4.7.3.1.3. Examples¶

The examples below include a visual representation of a blink pattern. Each of the + symbols represents the LED turning on, and the pattern is drawn to scale in time (each character represents 250msec).

Error code	Sequence of base 4 digits	k sequence	two repetitions of blink pattern
1	[1]	[2]	`+ + + +`
2	[2]	[3]	`+ + + + + +`
3	[3]	[4]	`+ + + + + + + +`
4	[0, 1]	[1, 2]	`+ + + + + +`
7	[3, 1]	[4, 2]	`+ + + + + + + + + + + +`
13	[1, 3]	[2, 4]	`+ + + + + + + + + + + +`
35	[3, 0, 2]	[4, 1, 3]	`+ + + + + + + + + + + + + + + +`
100	[0, 1, 2, 1]	[1, 2, 3, 2]	`+ + + + + + + + + + + + + + + +`

4.7.4. Timing and Fault-Clearing Issues in UI Indicators¶

There are two associated issues that are indirectly related to error-code reporting:

timing of UI indicators (how delays are implemented)
fault-clearing issues (what has to happen in order for the system to return to normal operation)

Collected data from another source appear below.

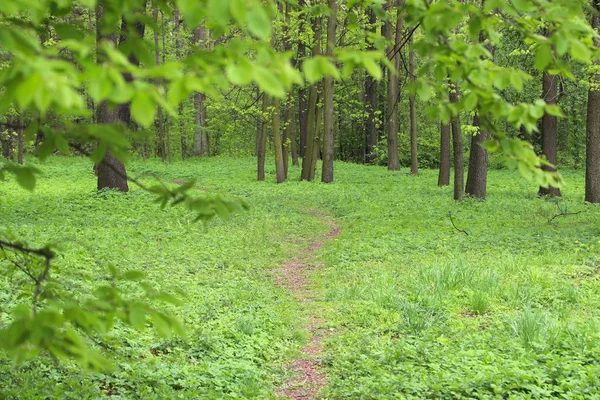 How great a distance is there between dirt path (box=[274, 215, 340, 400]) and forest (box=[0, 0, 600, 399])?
32 mm

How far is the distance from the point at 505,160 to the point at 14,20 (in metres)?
2.18

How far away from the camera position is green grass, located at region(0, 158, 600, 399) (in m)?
4.77

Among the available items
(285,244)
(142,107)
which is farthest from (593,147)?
(142,107)

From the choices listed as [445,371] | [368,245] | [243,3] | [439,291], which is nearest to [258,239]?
[368,245]

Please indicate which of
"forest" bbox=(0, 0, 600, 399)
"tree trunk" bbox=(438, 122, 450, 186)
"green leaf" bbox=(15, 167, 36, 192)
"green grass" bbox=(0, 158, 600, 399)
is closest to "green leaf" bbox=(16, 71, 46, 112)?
"forest" bbox=(0, 0, 600, 399)

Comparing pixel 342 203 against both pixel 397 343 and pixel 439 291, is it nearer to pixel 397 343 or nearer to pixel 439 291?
pixel 439 291

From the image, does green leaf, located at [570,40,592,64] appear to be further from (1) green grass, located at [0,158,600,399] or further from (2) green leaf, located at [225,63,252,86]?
(1) green grass, located at [0,158,600,399]

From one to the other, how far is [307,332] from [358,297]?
129 centimetres

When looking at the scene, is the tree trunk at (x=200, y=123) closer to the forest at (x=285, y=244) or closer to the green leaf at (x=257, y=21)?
the forest at (x=285, y=244)

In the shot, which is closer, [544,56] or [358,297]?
[544,56]

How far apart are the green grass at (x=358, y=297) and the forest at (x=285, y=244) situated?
3 centimetres

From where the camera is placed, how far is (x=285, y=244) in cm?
1206

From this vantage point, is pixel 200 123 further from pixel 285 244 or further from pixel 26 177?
pixel 26 177

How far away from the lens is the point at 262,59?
1.75 meters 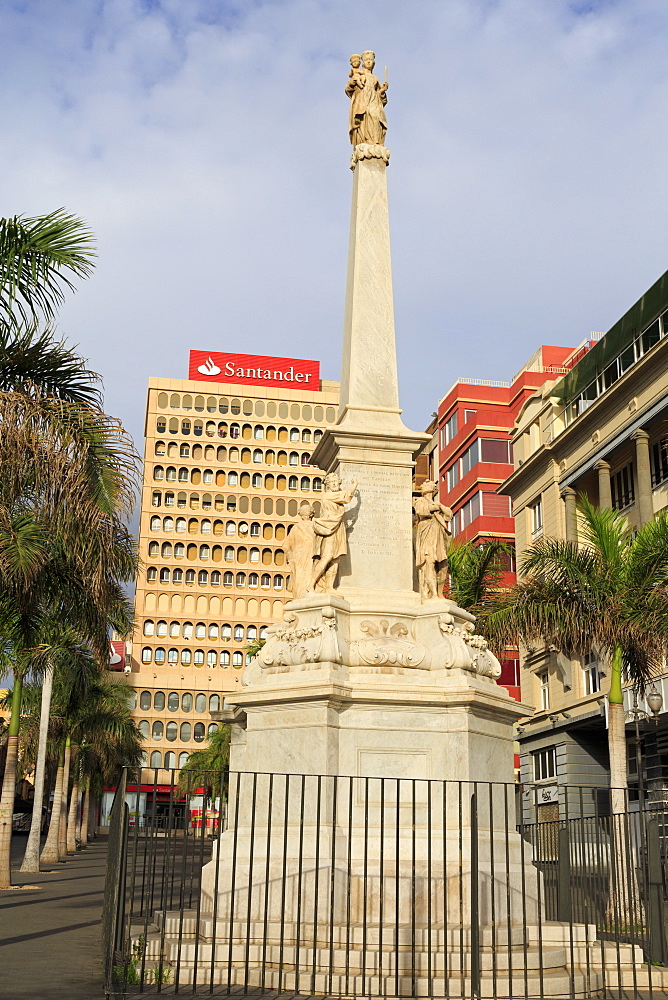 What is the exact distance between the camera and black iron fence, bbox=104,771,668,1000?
898 centimetres

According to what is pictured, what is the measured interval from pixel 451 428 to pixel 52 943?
5685 centimetres

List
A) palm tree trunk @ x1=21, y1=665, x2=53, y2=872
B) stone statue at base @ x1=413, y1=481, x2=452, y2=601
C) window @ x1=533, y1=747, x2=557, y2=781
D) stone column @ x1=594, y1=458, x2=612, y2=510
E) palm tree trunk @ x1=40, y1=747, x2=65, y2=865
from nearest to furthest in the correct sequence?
1. stone statue at base @ x1=413, y1=481, x2=452, y2=601
2. palm tree trunk @ x1=21, y1=665, x2=53, y2=872
3. palm tree trunk @ x1=40, y1=747, x2=65, y2=865
4. stone column @ x1=594, y1=458, x2=612, y2=510
5. window @ x1=533, y1=747, x2=557, y2=781

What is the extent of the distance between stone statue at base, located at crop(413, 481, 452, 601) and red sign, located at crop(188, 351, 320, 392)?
102 metres

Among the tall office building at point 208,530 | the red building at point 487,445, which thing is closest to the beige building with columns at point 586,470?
the red building at point 487,445

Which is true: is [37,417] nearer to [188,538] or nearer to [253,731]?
[253,731]

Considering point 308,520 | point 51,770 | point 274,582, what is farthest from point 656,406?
point 274,582

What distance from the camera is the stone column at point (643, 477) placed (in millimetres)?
36750

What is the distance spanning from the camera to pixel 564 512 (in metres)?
46.0

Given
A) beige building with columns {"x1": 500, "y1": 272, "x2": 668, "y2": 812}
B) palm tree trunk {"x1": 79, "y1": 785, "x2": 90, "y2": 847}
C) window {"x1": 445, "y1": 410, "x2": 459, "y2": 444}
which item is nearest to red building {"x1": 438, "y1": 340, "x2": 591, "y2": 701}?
window {"x1": 445, "y1": 410, "x2": 459, "y2": 444}

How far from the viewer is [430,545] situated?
13719mm

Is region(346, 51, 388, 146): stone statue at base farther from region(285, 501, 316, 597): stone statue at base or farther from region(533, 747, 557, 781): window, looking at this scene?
region(533, 747, 557, 781): window

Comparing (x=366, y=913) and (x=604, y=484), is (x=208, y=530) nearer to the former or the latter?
(x=604, y=484)

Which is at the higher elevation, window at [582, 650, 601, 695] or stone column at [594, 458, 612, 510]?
stone column at [594, 458, 612, 510]

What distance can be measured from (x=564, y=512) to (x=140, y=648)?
68.1 m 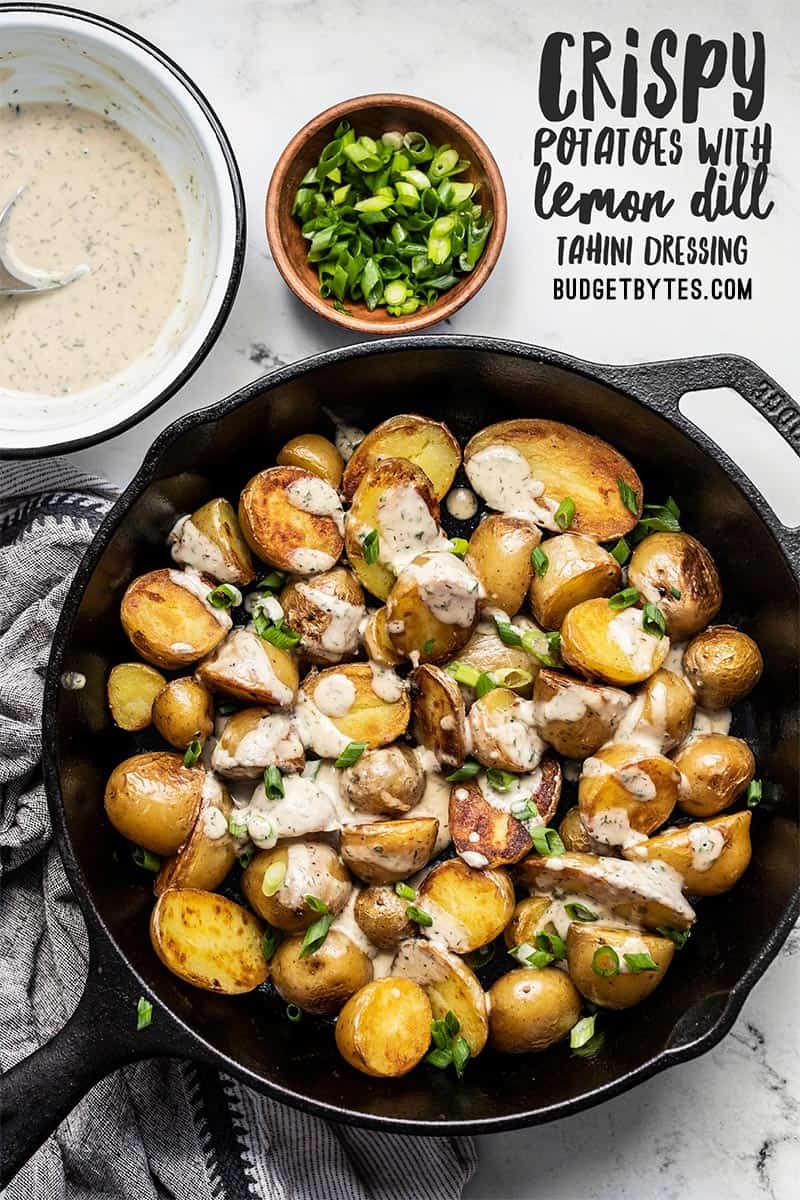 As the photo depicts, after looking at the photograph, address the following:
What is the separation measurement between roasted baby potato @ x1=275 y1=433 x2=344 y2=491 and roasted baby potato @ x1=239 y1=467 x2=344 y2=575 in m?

The MCAF uses chosen the following strategy, based on recoverability:

Table 4.7 Error recoverability¶
recoverability	timing	fault-clearing
Recoverable: faults expected to be caused by a momentary condition: overcurrent, overspeed, overvoltage, etc.	We rely on the system state machine running at a periodic rate as a timebase for UI delays.	User intervention required: press the start/stop input button.
Nonrecoverable: something really bad has happened, such as an oscillator failure, stack overflow, or watchdog timeout.	We cannot necessarily rely on the system state machine operating properly, and instead go into a “paranoid” mode (see below); busy-waiting for a fixed number of CPU cycles is used for timing.	User intervention via a manual reset is required.

Upon nonrecoverable faults (“paranoid mode”), the following actions occur:

Disable all interrupts
Put PWM outputs at a safe state
Report error code via LEDs, relying on busy-waiting to create time delays for UI

4.7.5. Implementation¶

4.7.5.1. External interface errata¶

LED patterns are not displayed when in the TEST_DISABLE or TEST_ENABLE states. (DB_MC-1922; Applicability: MCAF R1 – R9.)
Timing of emulated button press for MCHV-2 and MCHV-3 are not guaranteed; if there are long-running tasks within the main loop, this can delay the time needed to detect an extended button press. (DB_MC-1920; Applicability: MCAF R2 – R5; fixed in MCAF R6.)

4.7.5.2. Modules¶

Module	Files	Description	Comments
`error_codes`	`error_codes.h`	List of all error codes	The Appendix contains an annotated list of error codes
`ui`	`ui.c` `ui.h` `ui_types.h`	User interface